BEGIN Entries supplied

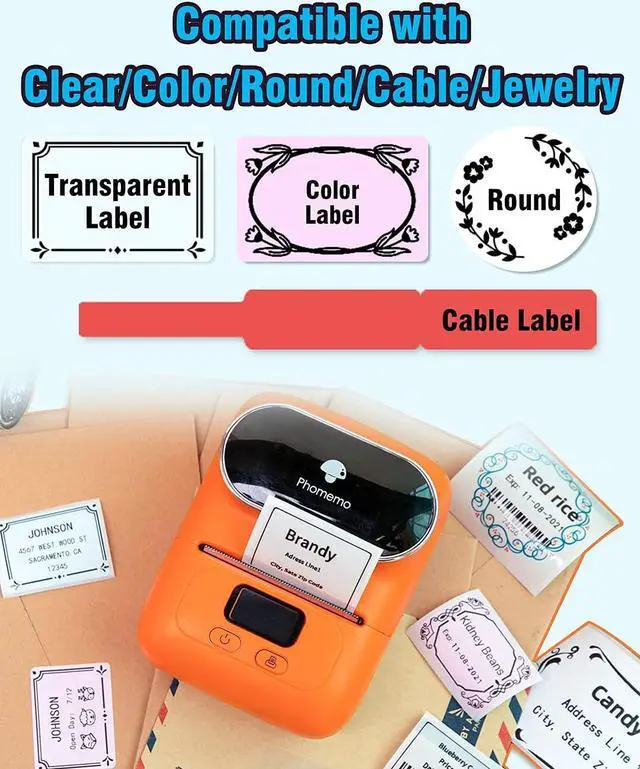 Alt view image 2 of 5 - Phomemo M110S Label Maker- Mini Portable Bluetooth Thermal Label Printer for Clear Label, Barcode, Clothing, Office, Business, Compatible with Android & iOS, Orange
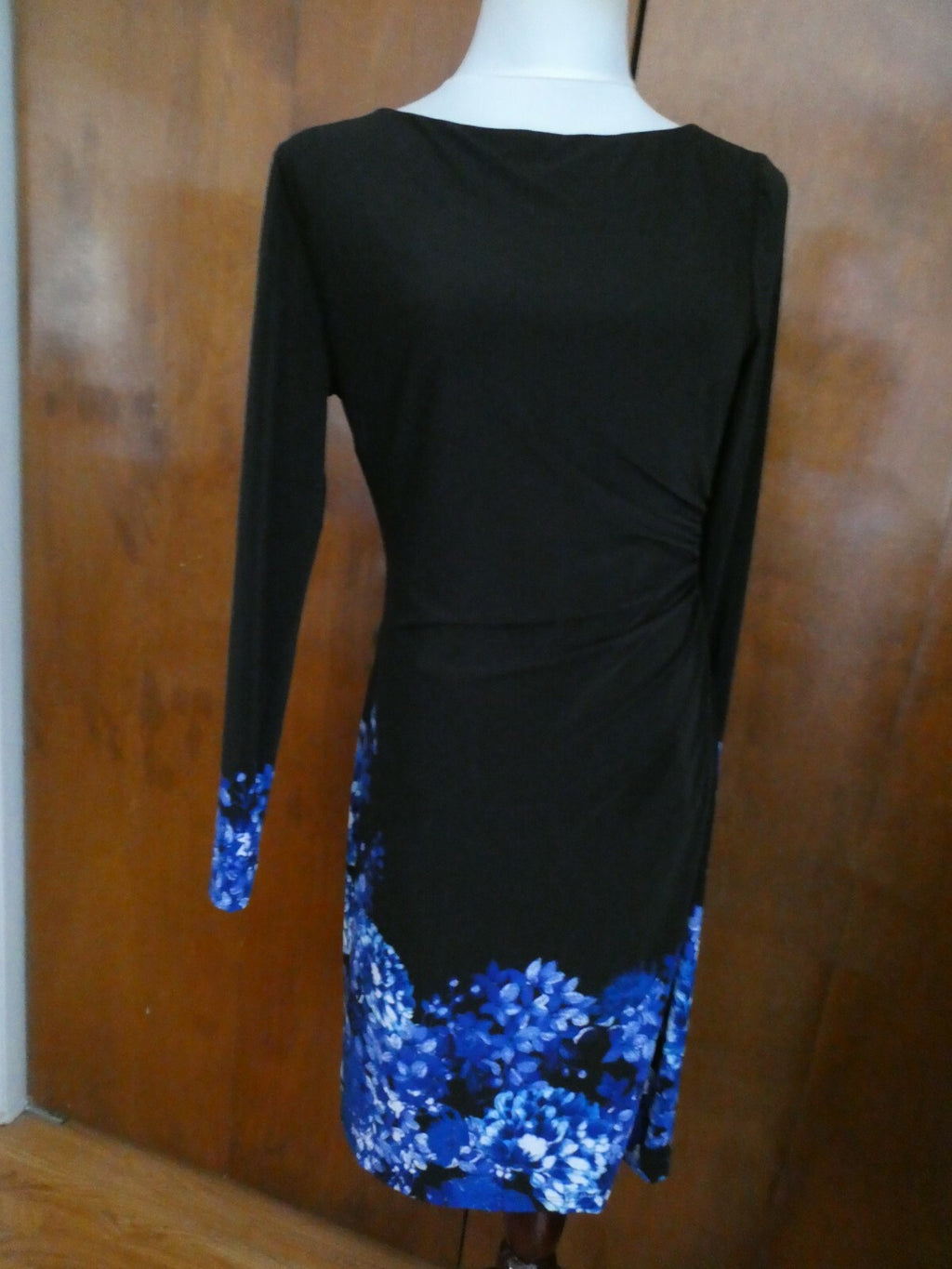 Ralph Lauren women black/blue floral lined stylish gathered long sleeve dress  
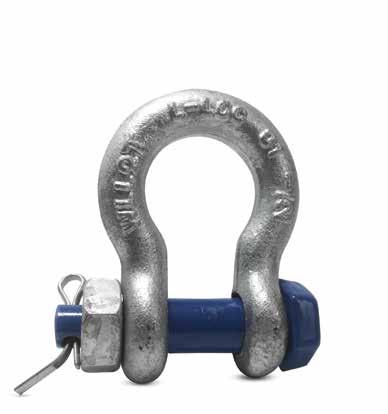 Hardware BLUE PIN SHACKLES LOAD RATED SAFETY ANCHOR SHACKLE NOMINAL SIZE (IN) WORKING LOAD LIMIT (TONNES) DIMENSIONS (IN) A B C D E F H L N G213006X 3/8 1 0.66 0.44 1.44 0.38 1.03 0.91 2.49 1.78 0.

END Entries supplied
BEGIN Entries supplied

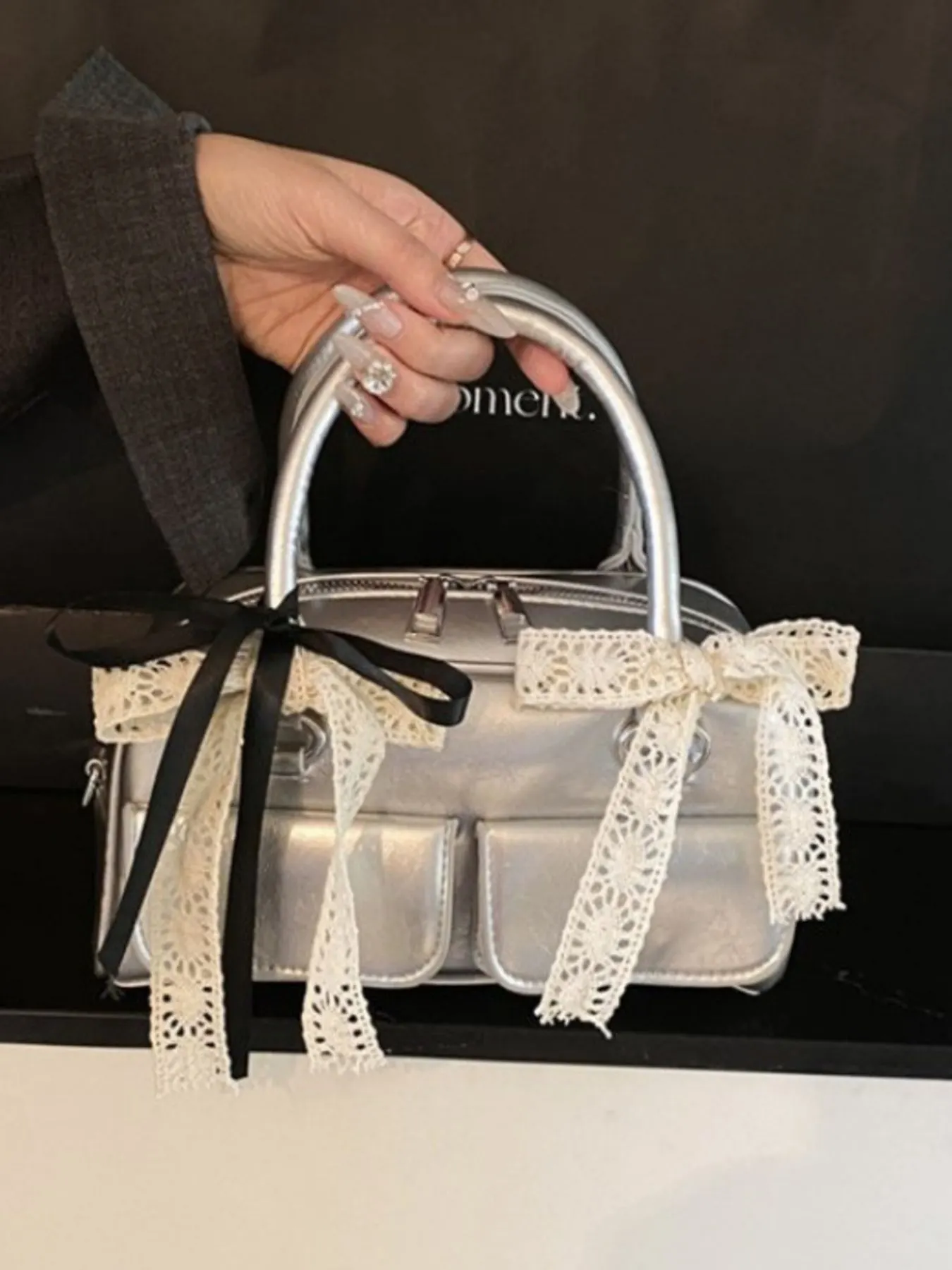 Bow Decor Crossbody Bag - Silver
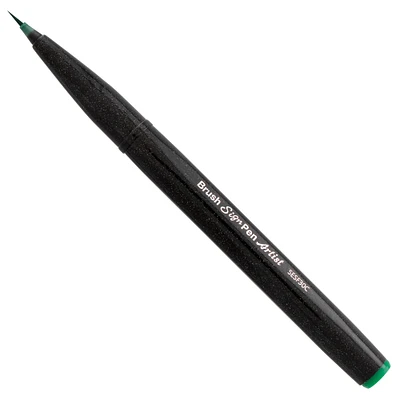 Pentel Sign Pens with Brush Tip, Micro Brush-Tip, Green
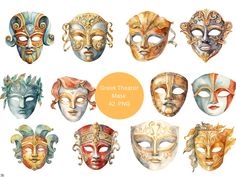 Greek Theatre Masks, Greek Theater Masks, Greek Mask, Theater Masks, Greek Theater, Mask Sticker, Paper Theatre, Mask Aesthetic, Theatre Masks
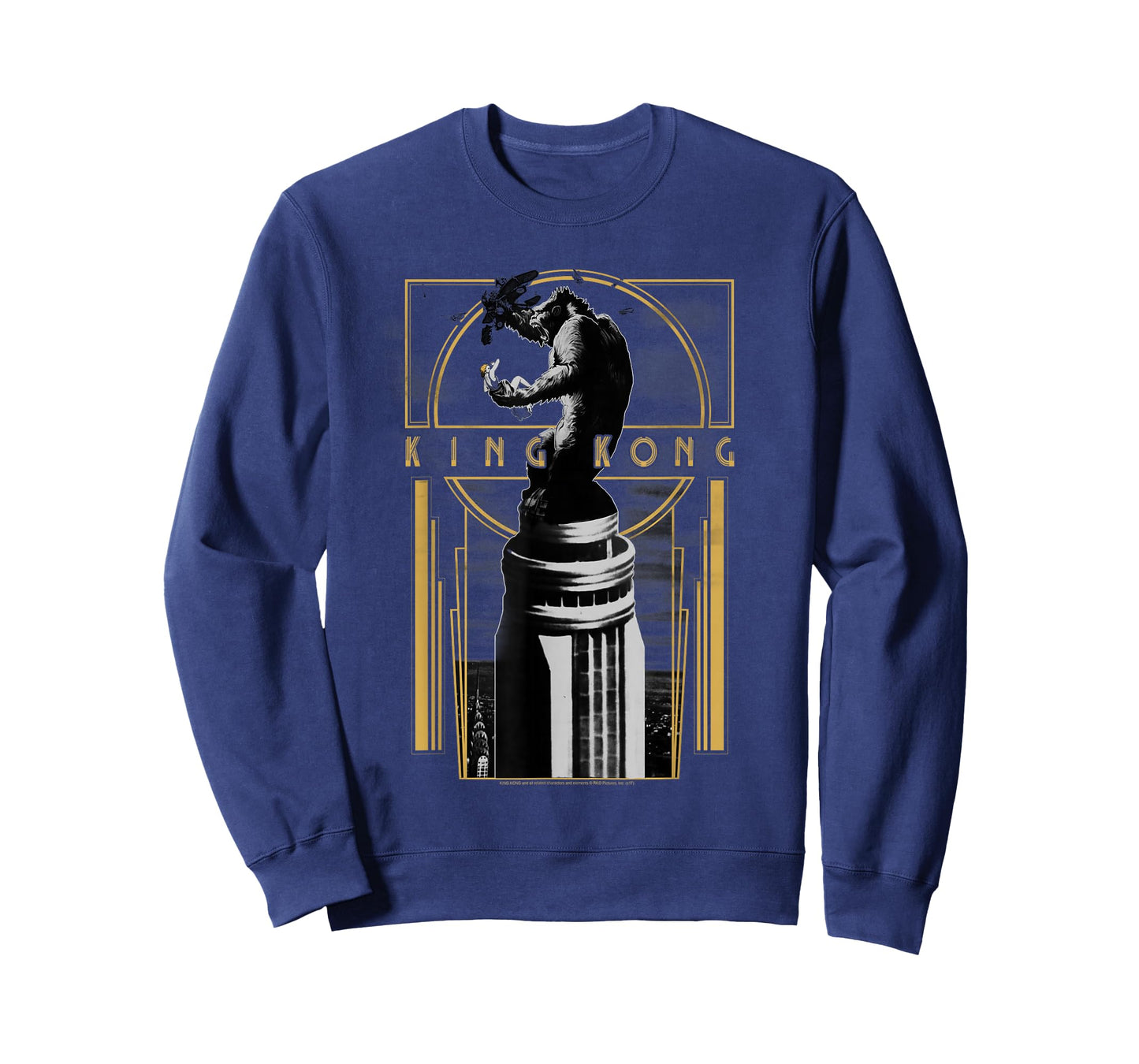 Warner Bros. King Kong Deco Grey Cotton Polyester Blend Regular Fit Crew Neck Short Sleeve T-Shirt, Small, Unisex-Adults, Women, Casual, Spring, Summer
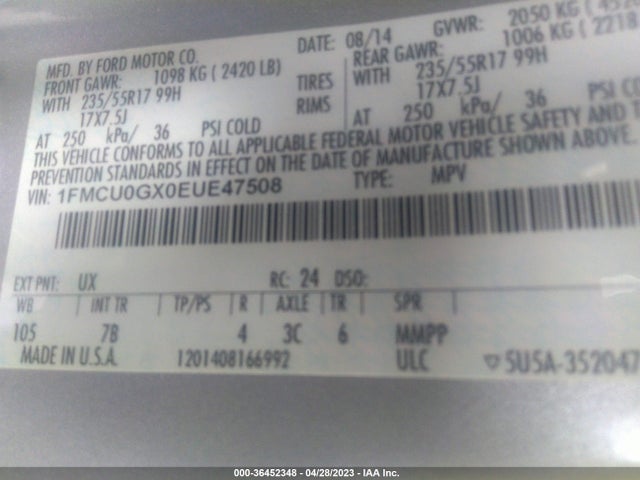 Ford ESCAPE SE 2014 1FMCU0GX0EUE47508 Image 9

END Entries supplied

*Task to carry out:* Out of the records above, set down only the lines from the one that contains "Warner Bros. King" through the one that contains "Ford ESCAPE SE", unchanged and without the pictures.

*Result of the task:*
 Warner Bros. King Kong Deco Grey Cotton Polyester Blend Regular Fit Crew Neck Short Sleeve T-Shirt, Small, Unisex-Adults, Women, Casual, Spring, Summer
 Ford ESCAPE SE 2014 1FMCU0GX0EUE47508 Image 9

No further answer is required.